I made a second trip up the Stickeen in August and from the head of
navigation pushed inland for general views over dry grassy hills and
plains on the Cassiar trail.
Soon after leaving Telegraph Creek I met a merry trader who
encouragingly assured me that I was going into the most wonderful
region in the world, that "the scenery up the river was full of the
very wildest freaks of nature, surpassing all other sceneries either
natural or artificial, on paper or in nature. And give yourself no
bothering care about provisions, for wild food grows in prodigious
abundance everywhere. A man was lost four days up there, but he
feasted on vegetables and berries and got back to camp in good
condition. A mess of wild parsnips and pepper, for example, will
actually do you good. And here's my advice - go slow and take the
pleasures and sceneries as you go."
At the confluence of the first North Fork of the Stickeen I found a
band of Toltan or Stick Indians catching their winter supply of
salmon in willow traps, set where the fish are struggling in swift
rapids on their way to the spawning-grounds. A large supply had
already been secured, and of course the Indians were well fed and
merry. They were camping in large booths made of poles set on end in
the ground, with many binding cross-pieces on which tons of salmon
were being dried. The heads were strung on separate poles and the
roes packed in willow baskets, all being well smoked from fires in
the middle of the floor. The largest of the booths near the bank of
the river was about forty feet square. Beds made of spruce and pine
boughs were spread all around the walls, on which some of the Indians
lay asleep; some were braiding ropes, others sitting and lounging,
gossiping and courting, while a little baby was swinging in a
hammock. All seemed to be light-hearted and jolly, with work enough
and wit enough to maintain health and comfort. In the winter they are
said to dwell in substantial huts in the woods, where game,
especially caribou, is abundant. They are pale copper-colored, have
small feet and hands, are not at all negroish in lips or cheeks like
some of the coast tribes, nor so thickset, short-necked, or
heavy-featured in general.
One of the most striking of the geological features of this region
are immense gravel deposits displayed in sections on the walls of the
river gorges.
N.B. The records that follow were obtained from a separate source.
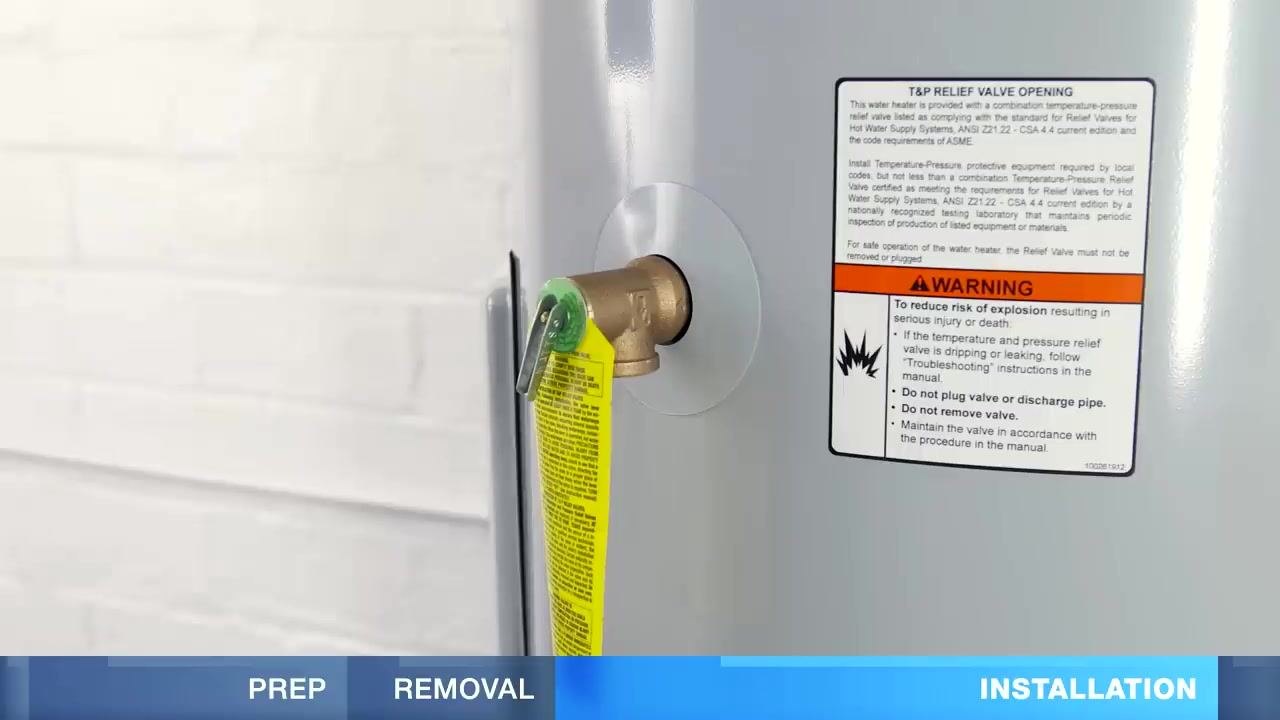 Close-up of a new water heater with a T&P relief valve installed and a warning label about explosion risk.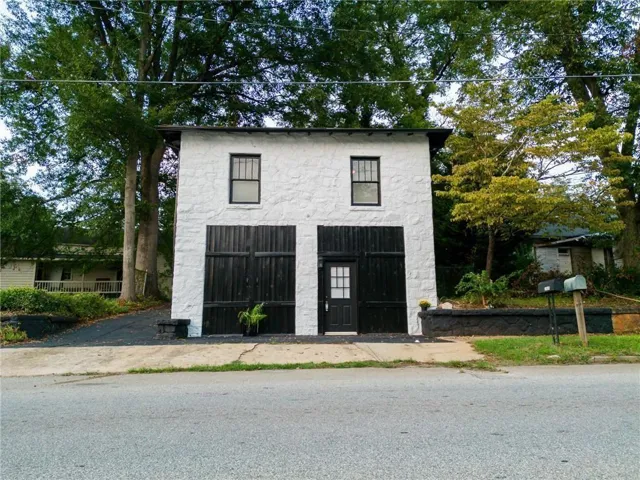 Two-story exterior with white textured facade, black trim windows, and two large black doors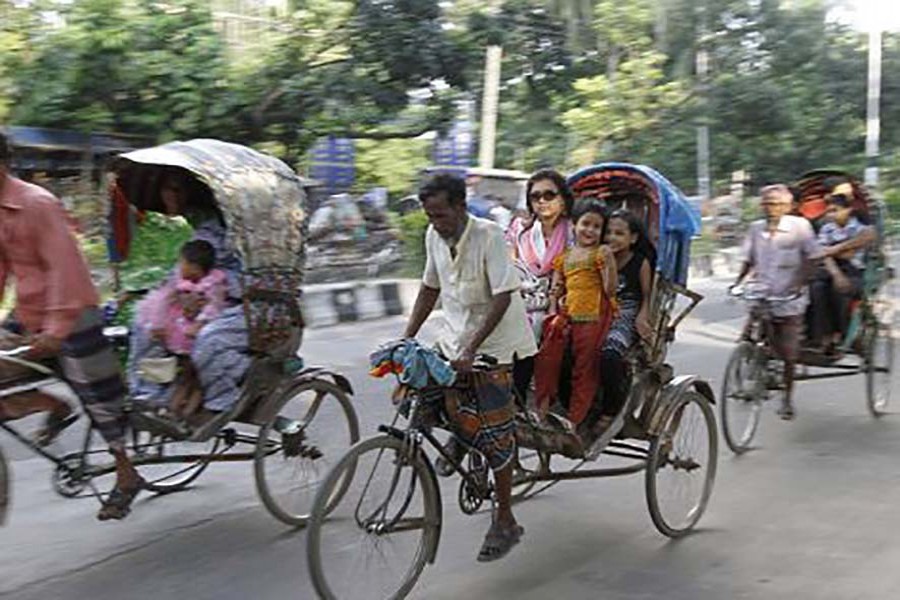 Slow moving rickshaws choking traffic   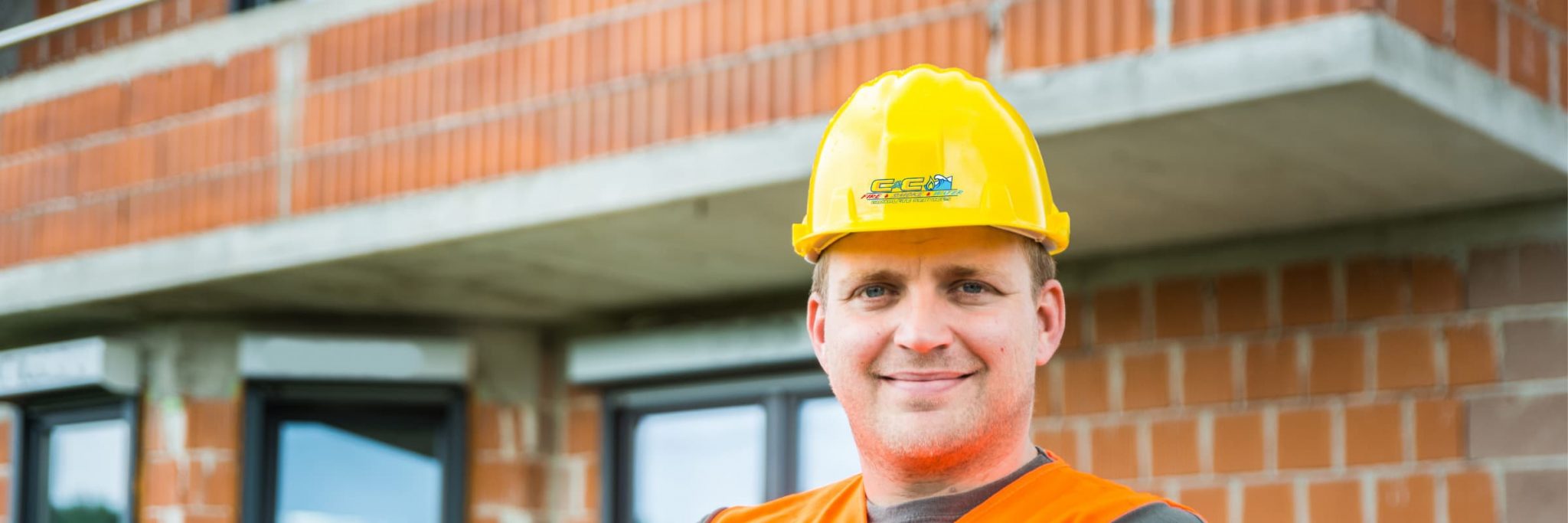 A man wearing a hard hat with the C&C logo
About two miles above the North Fork confluence there
is a bluff of basalt three hundred and fifty feet high, and above
this a bed of gravel four hundred feet thick, while beneath the
basalt there is another bed at least fifty feet thick.
From "Ward's," seventeen miles beyond Telegraph, and about fourteen
hundred feet above sea-level, the trail ascends a gravel ridge to a
pine-and-fir-covered plateau twenty-one hundred feet above the sea.
Thence for three miles the trail leads through a forest of short,
closely planted trees to the second North Fork of the Stickeen, where
a still greater deposit of stratified gravel is displayed, a section
at least six hundred feet thick resting on a red jaspery formation.